Monday, December 3, 2012

Little Tools - Big Tasks

When you think of government weather agencies, you normally think of millions of weather readings being taken throughout history, of people trying to work out what the next forecast will be based on past experiences and current conditions, and of computers. Big computers.

A problem I repeatedly hit is that in trying to prove something I've noticed for a while (a man-made weekly atmospheric pressure pattern that exists at night in both Toronto and to a lesser extent, Montreal), all this computing power and online data publishing did nothing to lessen my workload in gathering more data to explore it further.

Environment Canada has a historical data product CD that you can download, and this is great for some general purposes, but there's two drawbacks:
1. It was designed as a DOS product, so only works these days on Windows in a CMD shell.
2. It has daily totals, but not the hourly data that I need.

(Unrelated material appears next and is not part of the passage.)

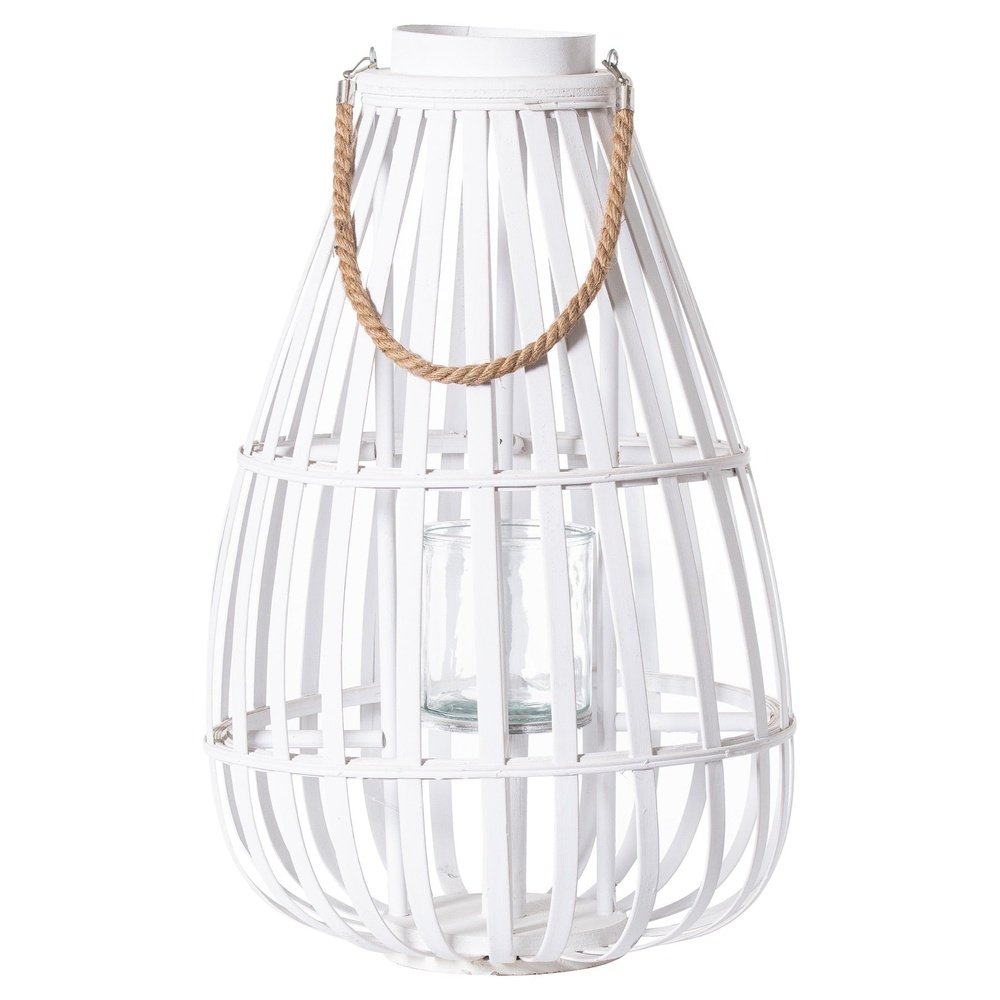 Hill Interiors Floor Standing Domed Wicker Lantern With Rope Detail In White Large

Ironically, the hourly data exists elsewhere on their site and you can click on a link and download the hourly data for each city at one month at a time (the records go back to 1840 according to the drop-down box), but that means manually downloading and processing 172 years of monthly data for 19 cities.  

That's approximately 39,000 files (172yrs x 12mnts x 19 cities).

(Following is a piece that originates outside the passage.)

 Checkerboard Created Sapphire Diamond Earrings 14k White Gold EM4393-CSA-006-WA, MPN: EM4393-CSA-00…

So having manually done Toronto over a period of a few decades (that took like a week to save all the files and manually import into a spreadsheet and then massage and crunch the data), I decided that I needed some help speeding up this process.

As timing would have it, I'd recently taken delivery of a Raspberry Pi (see details of that here), so I had a little spare computer that would serve two purposes:
1. Teach me more about Linux (it runs a form of Debian) whilst allowing me to program it in straight C (a rarity as I spend 99% of my time in Objective-C).
2. It could go and get all the data I needed, and crunch it all down for me.

The fun thing here is when you look at the stats for the two systems - The Environment Canada Supercomputer that crunches the data, and my little Raspberry Pi that turns it into something I can use:

Processors:  936 vs 1.
Power: 275KW (Enough for 200 homes) vs 0.5W (enough for 5 USB ports)
Cooling: Enough refrigerant to cool 32 Avg homes on a hot day, vs none.  

As you can see, there are two very different systems in play here!

In the case of Environment Canada, speed is important.  It takes 40 minutes to compile a forecast that would take a standard PC 28 days to compile.  In my case, I just want a database of old data that I can query in it's entirety.  To download an entire city's history from the 1950's takes about two minutes.  To get the entire history from 1840 takes substantially longer - somewhere in the order of ten minutes or so.

I have one more tool to write, which takes these downloaded files and prepares them to be loaded into a database.  I will do this on the Raspberry Pi as well. 

You may ask why bother doing it on the Raspberry Pi?  The biggest impetus for this is if I can make this work reasonably fast on a board with limited specs and which only costs $35, then it will work like lightning on a full-blown modern computer that costs $1000.  

This is something that is largely lost in an era when processor speeds and core numbers, memory and access speeds are increasing so fast that you can write shoddy software that may run slow this year, but not worry as next years faster processors will compensate for that.

When I am done, I will likely license out the tools that were created, as I know I'm not the only person that needs historical weather data that can actually be queried on a modern computer.